Optimization of production parameters for impact strength of 3d-printed carbon/glass fiber-reinforced nylon composite in critical zx printing orientation

Abstract

Additive manufacturing (AM) methods are increasingly being adopted as an alternative for mass production. In particular, Fused Deposition Modeling (FDM) technology is leading the way in this field. However, the adhesion of the layers in products produced using FDM technology is an important issue. These products are particularly vulnerable to forces acting parallel to the layers and especially to impact strength. Most products used in the industry have complex geometries and thin walls. Therefore, solid infill is often required in production, and this production must take place in the ZX orientation. This study aims to optimize the impact strength against loads acting parallel to the layers (ZX orientation) of PA6, one of the most widely used materials in the industry. This orientation is critical in terms of mechanical properties, and the mechanical characteristics are significantly lower compared to other orientations. In this study, filaments containing pure PA6 with 15% short carbon fiber and 30% glass fiber were utilized. Additionally, the printing temperature, layer thickness and heat treatment duration were used as independent variables.

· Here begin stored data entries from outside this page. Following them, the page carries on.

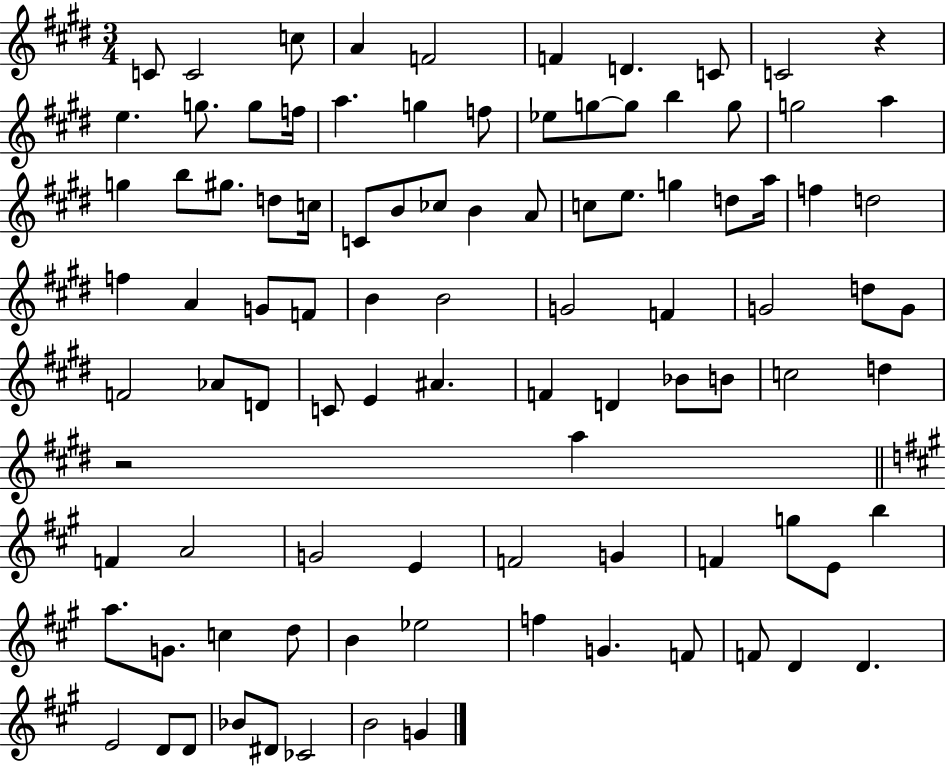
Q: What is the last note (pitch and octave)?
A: G4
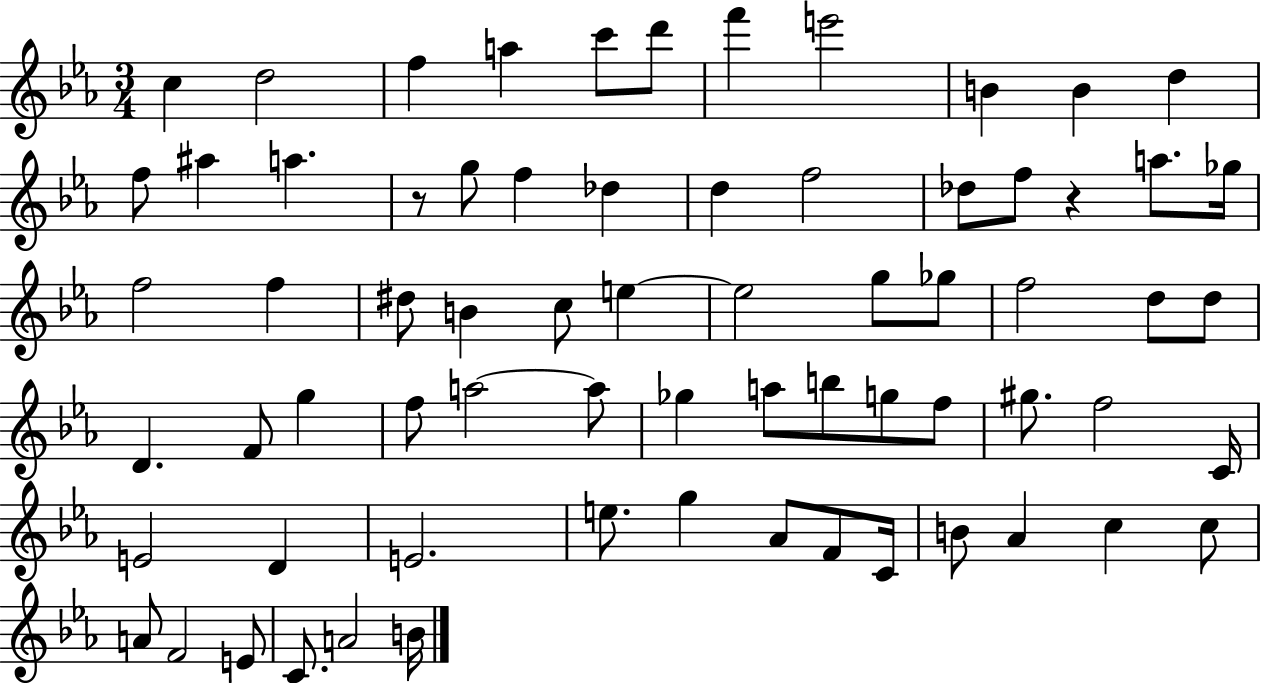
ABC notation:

X:1
T:Untitled
M:3/4
L:1/4
K:Eb
c d2 f a c'/2 d'/2 f' e'2 B B d f/2 ^a a z/2 g/2 f _d d f2 _d/2 f/2 z a/2 _g/4 f2 f ^d/2 B c/2 e e2 g/2 _g/2 f2 d/2 d/2 D F/2 g f/2 a2 a/2 _g a/2 b/2 g/2 f/2 ^g/2 f2 C/4 E2 D E2 e/2 g _A/2 F/2 C/4 B/2 _A c c/2 A/2 F2 E/2 C/2 A2 B/4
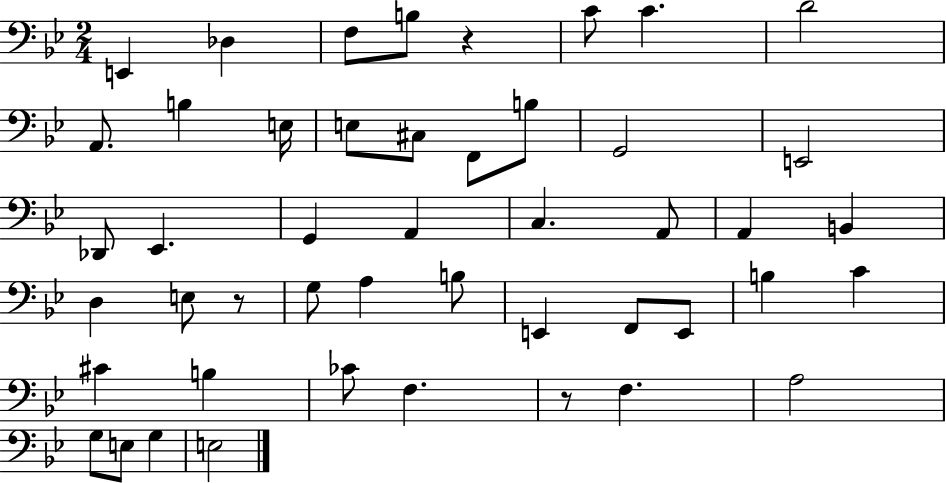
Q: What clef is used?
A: bass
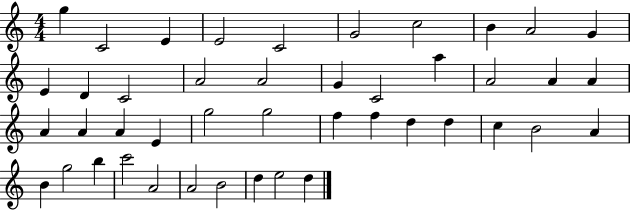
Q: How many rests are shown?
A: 0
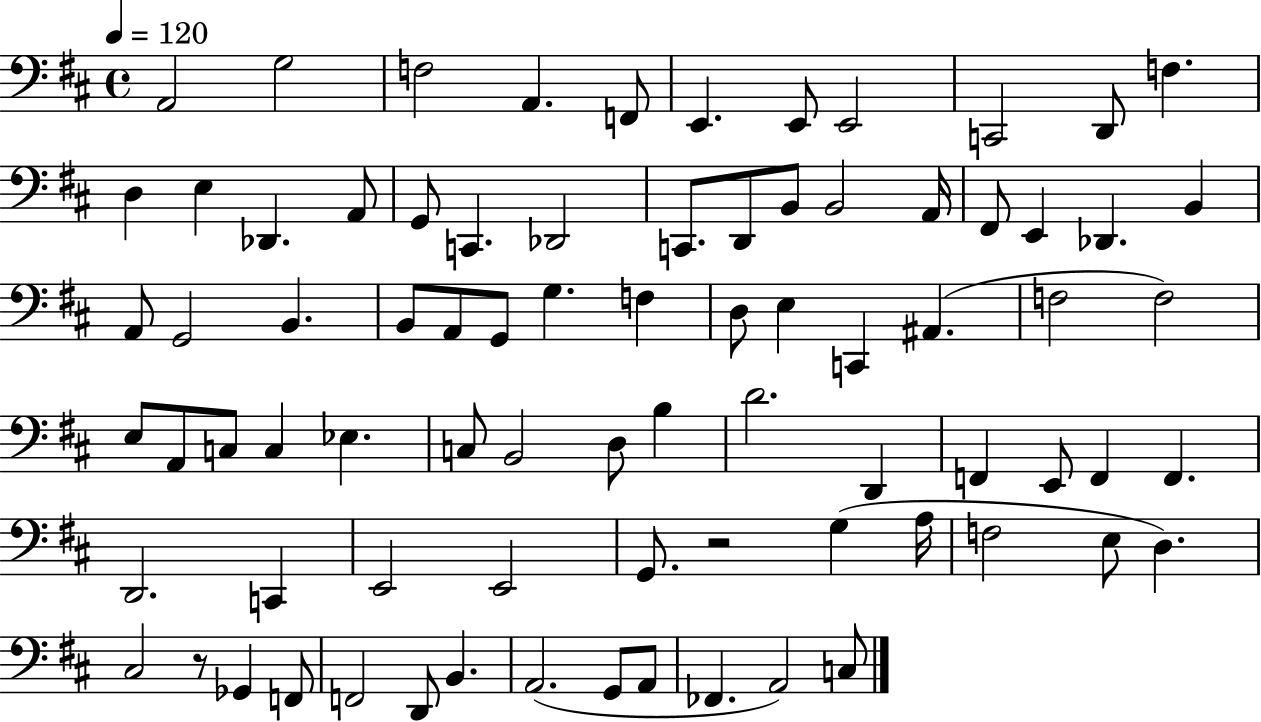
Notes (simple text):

A2/h G3/h F3/h A2/q. F2/e E2/q. E2/e E2/h C2/h D2/e F3/q. D3/q E3/q Db2/q. A2/e G2/e C2/q. Db2/h C2/e. D2/e B2/e B2/h A2/s F#2/e E2/q Db2/q. B2/q A2/e G2/h B2/q. B2/e A2/e G2/e G3/q. F3/q D3/e E3/q C2/q A#2/q. F3/h F3/h E3/e A2/e C3/e C3/q Eb3/q. C3/e B2/h D3/e B3/q D4/h. D2/q F2/q E2/e F2/q F2/q. D2/h. C2/q E2/h E2/h G2/e. R/h G3/q A3/s F3/h E3/e D3/q. C#3/h R/e Gb2/q F2/e F2/h D2/e B2/q. A2/h. G2/e A2/e FES2/q. A2/h C3/e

An L9 orthogonal array was employed for experimental design and then each experiment was repeated three times to conduct impact strength tests. Characterization, Taguchi optimization, and factor analyses were performed, followed by fracture surface characterization by SEM. As a result, the highest impact strength was achieved with pure PA6 at 8.9 kJ/m2, followed by PA6 GF30 at 8.1 kJ/m2, and the lowest impact strength was obtained with PA6 CF15 at 6.258 kJ/m2. Compared to the literature and manufacturer datasheets, it was concluded that the impact strength values had significantly increased and the chosen experimental factors and their levels, particularly nozzle temperature, were effective.